(Part 1: Is it a good idea to turn your hobby into a business?...)
(Part 2: How to sell your wares...)
(Part 3: Pricing your handmade items...)
(Part 4: Legal mumbo-jumbo...)
It's not like Field Of Dreams. Just because you build it, doesn't mean they're going to come. You need to work your tail off to get your products out there, and make people
~If you don't get into a craft show or farmers market you've had your eye on, go anyway as a customer. Talk to as many people as possible in similar fields as you. True, they're your competition, but they can also be your allies (and helpful promoters). This Spring I missed the boat for the show I wicked wanted to get into (and by missed it, I mean totally forgot about it until I checked their website to get an application, and the jury process was already closed. So, yeah, by missed the boat, I mean I didn't even make it to the dock. next year I'll have my shit together better...) Anyway, so I went to the show as a buyer instead of a seller, and actually had a remarkably educational time. While walking around I met the charming young fellow behind Squirrel Pirate Apothecary. I noticed that he had lovely little tins of Healing Salve on his table, and I was instantly intrigued and jealous all at the same time. You see, I had just come away from an incident of having an entire batch of Body Balm explode in my microwave. So I shared my wildly embarrassing story with this kind man, and he suggested to me that I use a double-boiler instead of my microwave. I knew that already actually, but I was, up until that very moment completely terrified of trying a double-boiler. I had no idea what it was, and it sounded menacing. But he assured me that it was nothing to be afraid of, and he was absolutely right. I've had amazing success with my own double-boiler technique I'm using now, and I'll be forever grateful to him for convincing me to stop being such a wuss. The bar of soap I bought from him in thanks doesn't seem like a great trade for that, but here I am on my blog singing his praises, and I hope that he drums up some business from it. Which brings me to my next to-do...

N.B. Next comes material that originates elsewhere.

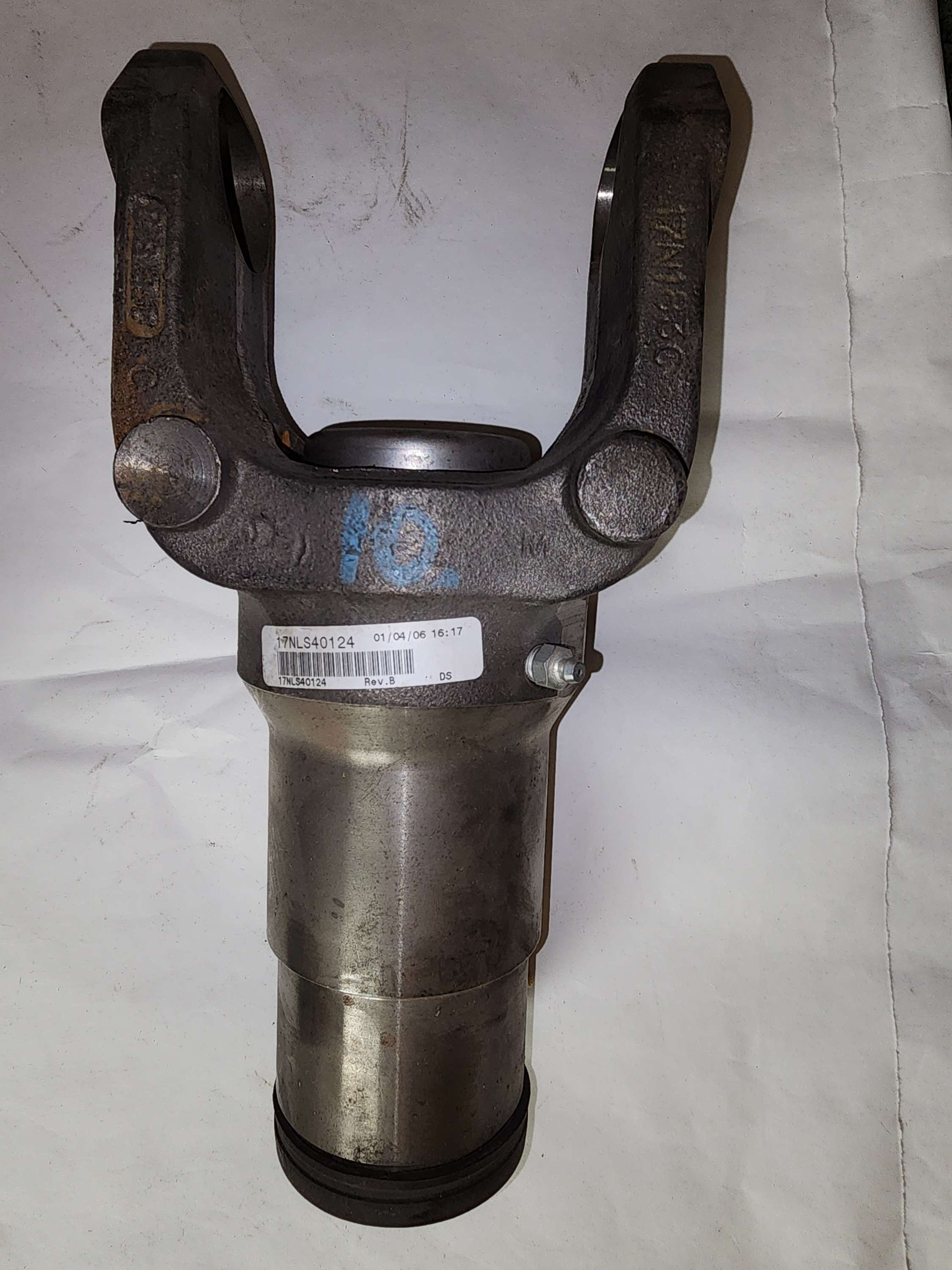 17NLS40 82DC Slip Yoke Meritor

~Be Nice! There is such a thing as Craft Karma. People like to talk, and you want them talking about you in a nice way. For instance (yes, here I'm about to embark on another one of my stories), quite some time ago when I was first starting out on my small business adventures (with one that wasn't successful, mind you), I stumbled upon New Duds. They are a fantastic little husband/wife-run company that does original and custom screen-printing, as well as making some totally to-die-for bags. I came to them with a printing project, and it was my first ever business-to-business meeting, transaction, interaction, etc., and I had no idea what I was doing. One of my huge pet peeves is when people in the know make me feel stupid for not knowing what they do, and make me feel like I'll never be part of the cool-kids club. I have a bit of a George McFly complex at times (children of the 80's, you will hopefully understand that reference). These guys were super helpful, never condescending, and made me feel right at home. They were the NICEST people EVER. So even though that business venture I originally went to them for is no longer operating, and I'm not currently using them for any other projects, I tell everyone about them. Just the other day someone asked me if I knew anyone locally that does screen-printing, and I said, "of course!" Whenever I want a new t-shirt I buy it from them, and last year I had a custom bag made by Tessa, one of the owners, and she knocked it out of the park. By the way they also have a wicked great blog with lots of cool pictures of their shop.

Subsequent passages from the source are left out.